Restrict the output to the lines below starting at the one that contains "thumbnail image 2" and ending at the one that contains "Rough Country 51219", and restate them word for word, both ends included.

> [RECORDS FOR THIS TASK]:

* * * * * * *

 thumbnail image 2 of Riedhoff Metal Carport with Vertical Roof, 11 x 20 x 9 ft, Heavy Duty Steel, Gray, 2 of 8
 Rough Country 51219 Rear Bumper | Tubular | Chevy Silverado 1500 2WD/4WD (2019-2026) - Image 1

* * * * * * *

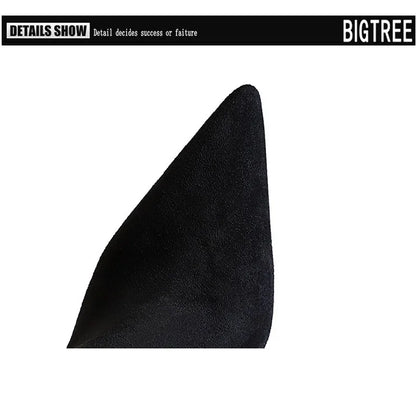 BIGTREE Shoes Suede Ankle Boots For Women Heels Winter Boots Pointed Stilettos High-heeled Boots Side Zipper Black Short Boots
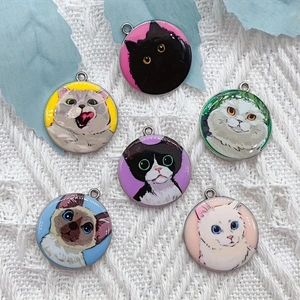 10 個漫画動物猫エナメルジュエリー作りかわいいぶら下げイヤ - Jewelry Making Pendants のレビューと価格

* * * * * * *

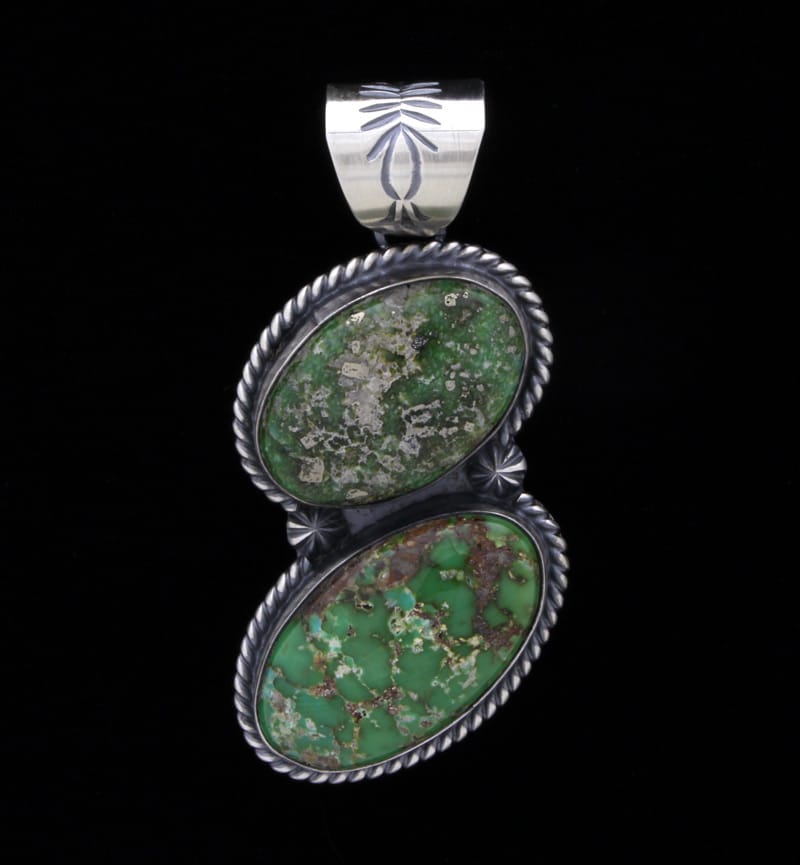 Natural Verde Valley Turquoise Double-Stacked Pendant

* * * * * * *

> [SOLVED PROBLEM]:
 thumbnail image 2 of Riedhoff Metal Carport with Vertical Roof, 11 x 20 x 9 ft, Heavy Duty Steel, Gray, 2 of 8
 Rough Country 51219 Rear Bumper | Tubular | Chevy Silverado 1500 2WD/4WD (2019-2026) - Image 1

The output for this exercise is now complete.